Are you bullish about the prospects for the Church in Australia?

St. Thomas Aquinas used to answer almost every question with both ‘yes’ and ‘no’, and I’m very much trained in his way of thinking. I think there are some really grave challenges, and in this area [child abuse], our recovering trust but more important, actually deserving their trust, doing the things we need to do to be the most trustworthy and safest place for any child, the most honest and up-front about the ways we’ve failed and the most determined to learn, there’s still a lot to happen there even if we’ve made big progress. There are other areas too, such as the ongoing secularization of our society … there are many challenges, and I don’t diminish those for a moment.

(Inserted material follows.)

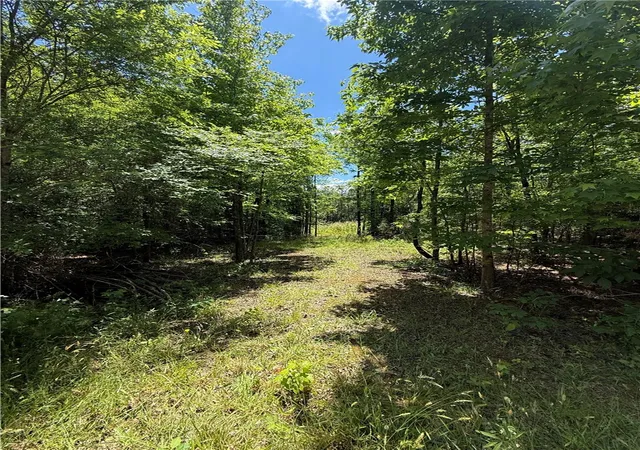 Photo 3 of Land for sale at 106 Fawn Dr, Honea Path, SC 29654 | MLS# 20300869 | Listing updated on 2026-09-22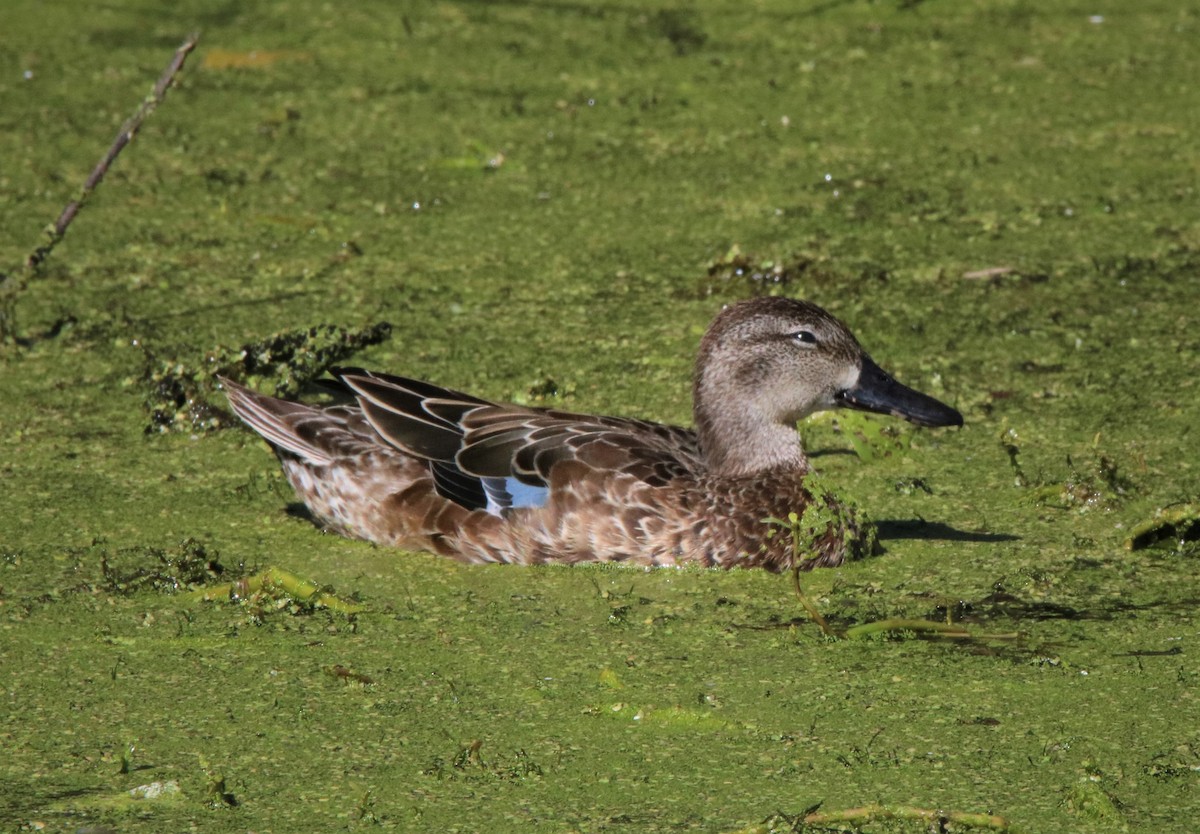 eBird Checklist - 23 Oct 2022 - Lake Apopka Wildlife Drive - 36 species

But the Church in Australia, certainly in my own city of Sydney, has enormous strengths too. We have a huge school system, a huge parish system, major contributions to health care, aged care, welfare care … all sorts of areas of the life of the country depend hugely on the Catholic Church’s continuing involvement. We have the multi-ethnic, diverse, interesting group of people at any one of our Masses, anytime we gather. We bring them together by bringing them into the Catholic Church to worship. I look at, for instance, the number of young people when we put on a youth event. We put on a local Australian youth festival here just before Christmas, and 20,000 young people came to that celebration. It was a wonderful time.

So while we’ve got some real challenges, we’ve also got some real strengths to build on.